> **Work item**: Look through the lines below and copy each one that includes "Size".

> **Given records**:
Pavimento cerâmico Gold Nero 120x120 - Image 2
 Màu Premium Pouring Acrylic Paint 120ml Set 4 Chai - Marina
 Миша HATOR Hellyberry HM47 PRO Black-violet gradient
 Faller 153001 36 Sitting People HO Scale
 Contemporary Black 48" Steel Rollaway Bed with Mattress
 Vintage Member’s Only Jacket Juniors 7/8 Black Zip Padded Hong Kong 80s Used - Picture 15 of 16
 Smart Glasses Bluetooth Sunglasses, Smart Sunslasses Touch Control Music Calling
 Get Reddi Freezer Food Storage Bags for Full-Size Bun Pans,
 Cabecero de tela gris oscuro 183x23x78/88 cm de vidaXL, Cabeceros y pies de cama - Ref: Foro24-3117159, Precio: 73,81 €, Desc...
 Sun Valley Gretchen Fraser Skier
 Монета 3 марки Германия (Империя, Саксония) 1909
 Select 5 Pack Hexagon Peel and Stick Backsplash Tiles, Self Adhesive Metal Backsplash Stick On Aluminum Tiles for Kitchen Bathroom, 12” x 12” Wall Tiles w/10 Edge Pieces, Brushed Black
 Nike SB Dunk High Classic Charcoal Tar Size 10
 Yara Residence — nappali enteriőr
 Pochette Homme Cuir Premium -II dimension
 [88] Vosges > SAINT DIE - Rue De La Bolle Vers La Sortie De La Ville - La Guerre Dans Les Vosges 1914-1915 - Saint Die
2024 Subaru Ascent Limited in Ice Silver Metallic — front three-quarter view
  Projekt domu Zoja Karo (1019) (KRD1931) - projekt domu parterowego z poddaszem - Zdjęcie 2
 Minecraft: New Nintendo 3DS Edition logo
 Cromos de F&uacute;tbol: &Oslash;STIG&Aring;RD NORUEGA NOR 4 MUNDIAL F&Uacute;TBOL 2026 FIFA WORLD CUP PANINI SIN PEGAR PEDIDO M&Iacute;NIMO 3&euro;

> **Output of the task**:
 Get Reddi Freezer Food Storage Bags for Full-Size Bun Pans,
 Nike SB Dunk High Classic Charcoal Tar Size 10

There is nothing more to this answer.